Pollinator Plants for Maryland Gardens

Maryland gardens can help out pollinators in multiple ways.

Providing plants for pollinators like bees and butterflies has been an ongoing concern in the Maryland gardening community for at least several years. With pollinators becoming fewer and farther between, installing the best plants in the garden has become paramount. Thankfully, Maryland has an abundance of pollinator plants and knowledgeable landscapers to help you create a successful pollinator garden.

Maryland Native Plants

Maryland is home to an abundant collection of native plant species, including grasses, ferns, shrubs, trees, and herbaceous plants. One can search Maryland native plant databases online to find the perfect collection for your property, taking sun exposure, soil type, soil moisture level, and other factors into consideration. 

When planning a complete native garden, one should utilize different plant types of varying heights into the design, such as trees, shrubs, and flowers. Even better, plan to have at least three different species that will provide flowers from spring to fall. Flowering plants will likely need at least 6 hours of full sunlight.


Maryland’s bees and butterflies rely on native species, even to the extent of fulfilling their entire lifecycle on one plant (like the monarch butterfly with milkweed.) However, insects are flexible and do pollinate other plants as well. If you have a vegetable garden, allow plants like broccoli, onions, and kale to flower once in a while so that the pollinators have an extra food source. 
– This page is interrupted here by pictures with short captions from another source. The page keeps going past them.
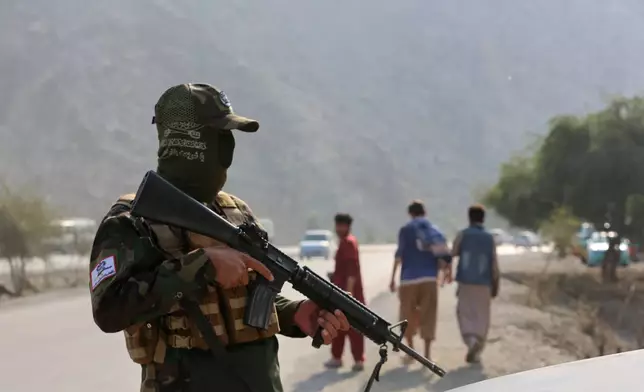 An Afghan Taliban soldier stands in guard on the Afghan side of the Torkham border crossing with Pakistan in Torkham, Afghanistan, Friday, Feb. 27, 2026. (AP Photo/Wahidullah Kakar)
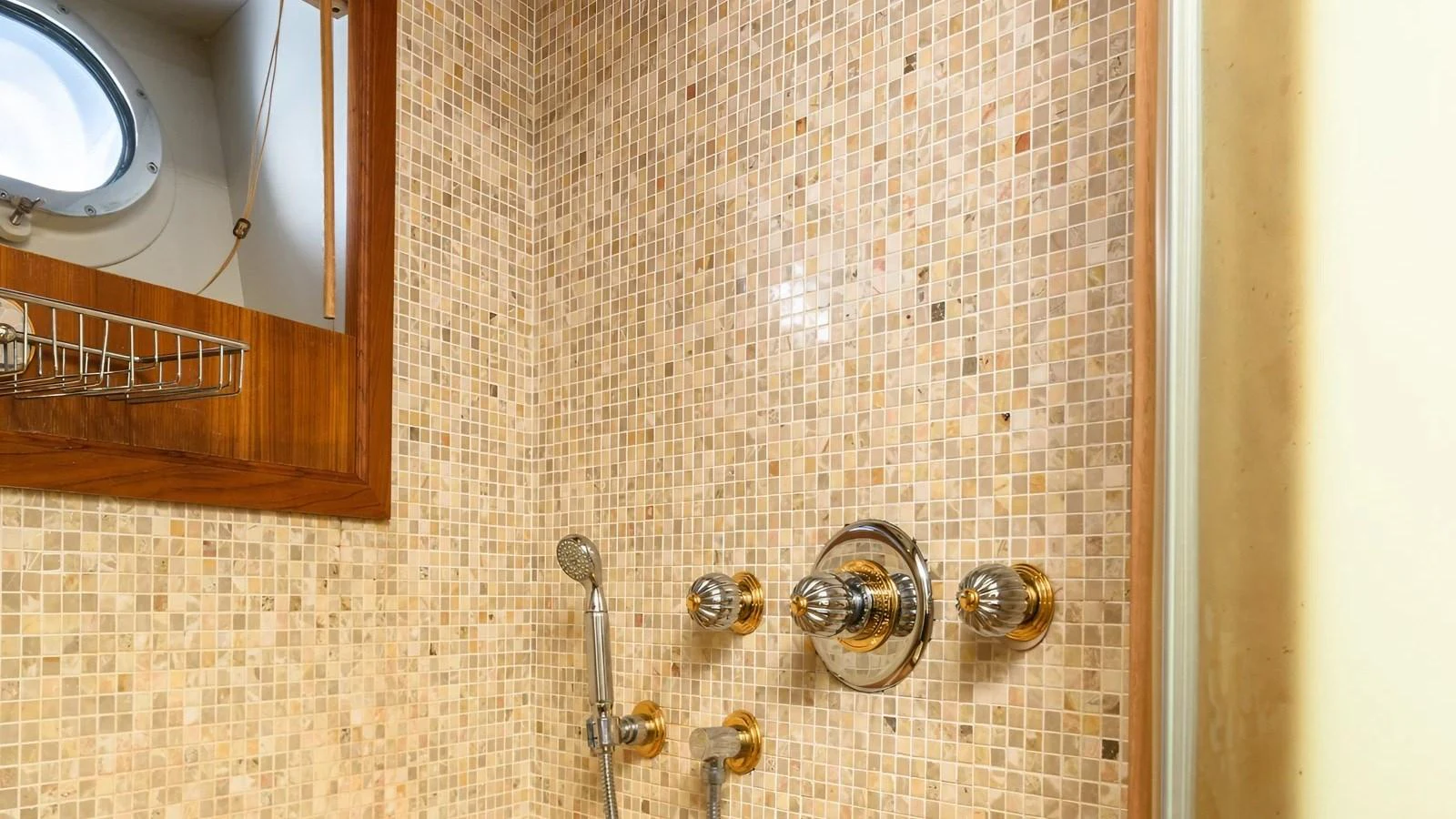 A luxurious shower area with elegant mosaic tiles and polished fixtures. aboard LA STELLA DEI MARI Yacht for Sale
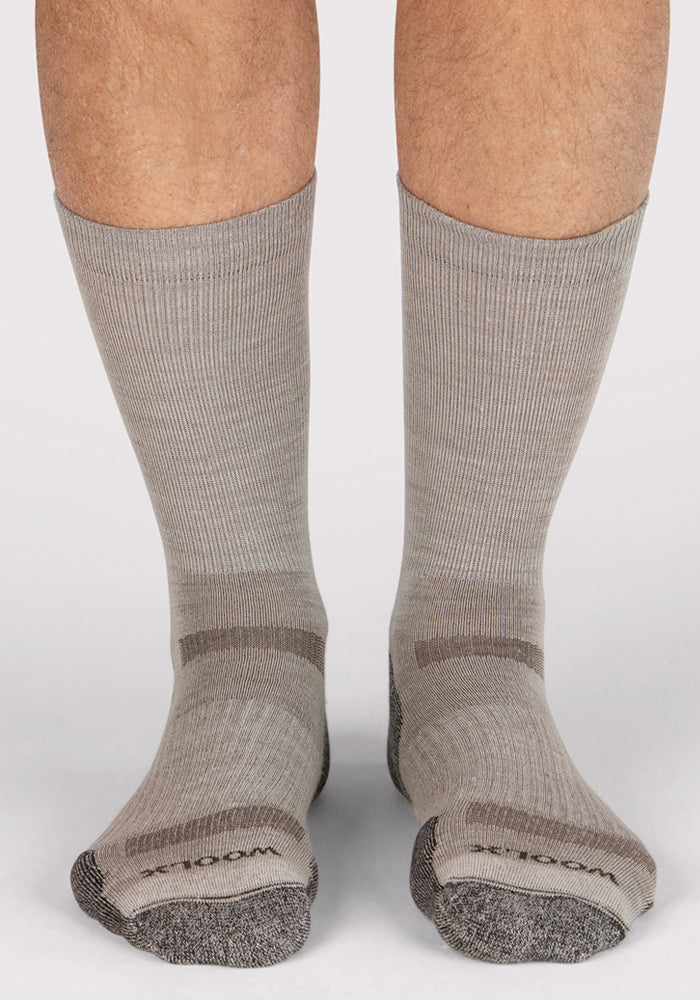 A close-up shows a person’s lower legs and feet wearing Woolx Mens Harbor Crew Sock - Icicle, featuring light gray Merino wool with dark gray accents on toes, heels, and arch. These moisture-wicking socks are set against a plain, light-colored background.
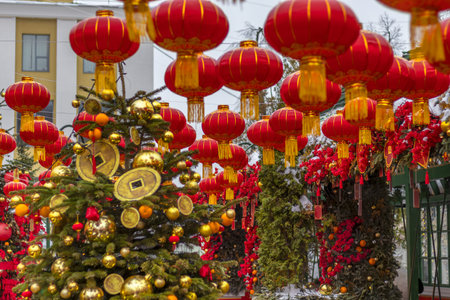 City street is decorated with red lanterns and large coins to celebrate Chinese New Yearの写真素材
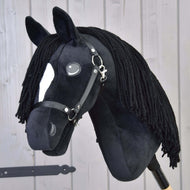 Hobby Horse LarDen „Hobby Horse Cloony mit Schwarzem Halfter“ als plüschiger American Quarter Horse Hengst mit schwarzem Stoff, weißem Gesichtsfleck, Knopfaugen, schwarzer Wollmähne und Zaumzeug vor hellem Holzuntergrund.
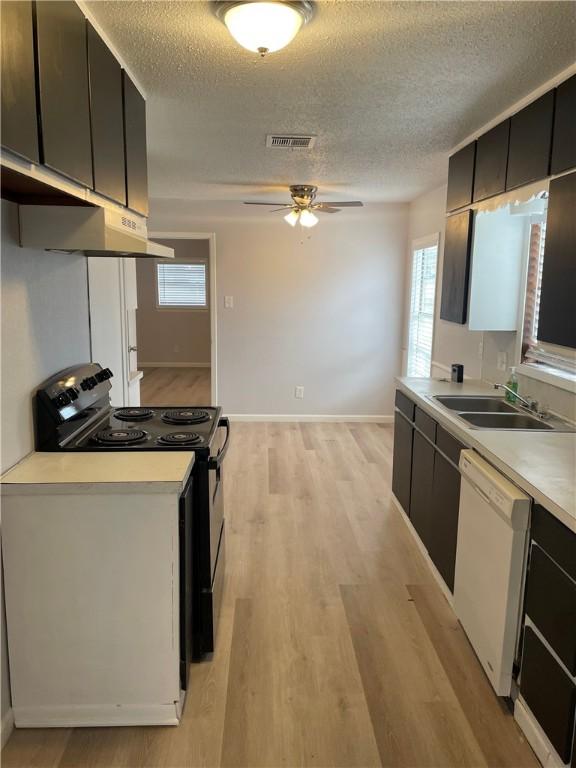 kitchen featuring white dishwasher, sink, light hardwood / wood-style flooring, black electric range, and a textured ceiling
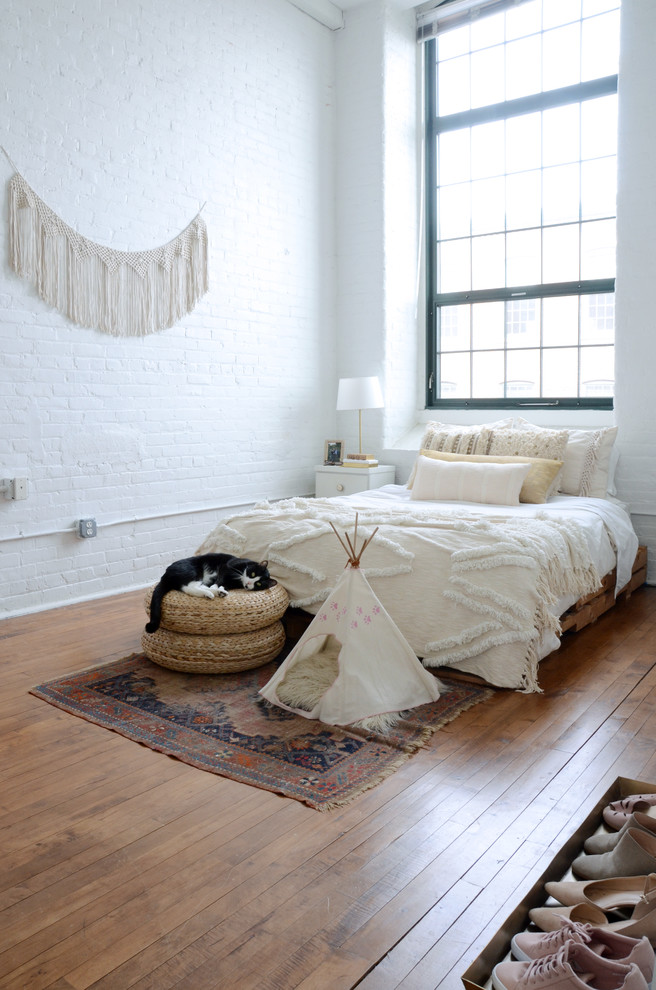 Aménagement d'une chambre éclectique avec un mur blanc, un sol en bois brun et un sol marron.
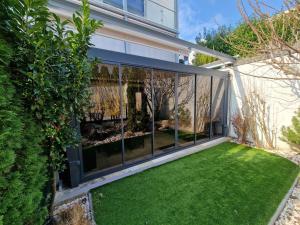 eine Glaserweiterung eines Hauses mit Rasen in der Unterkunft Villapark Pleasure Apartment in Balatonfüred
Herb gardens are another way to provide food for pollinators. Herbs can grow either in containers or directly in the ground, and their flowers often give popular pollinator fuel. Lavender, rosemary, mint, parsley, sage, and more are all fantastic for the garden and the kitchen.

No Harm in a Few Weeds

Having a healthy lawn generally means that you have a weed-free lawn. Even so, if a few dandelions sprout up in April on your property, there’s no need to fret. Dandelions, clover, and other weeds do have nutrients that are beneficial for the soil. What’s more, they provide food for pollinators in early spring before many other species begin to flower.

Other Ways to Help

Planting pollinator plants is the primary way to help pollinators thrive, but one can also include a couple of additions. One is to limit herbicides and pesticides as much as possible. Another is to put out a water dish with stones in it for insects to use for drinking.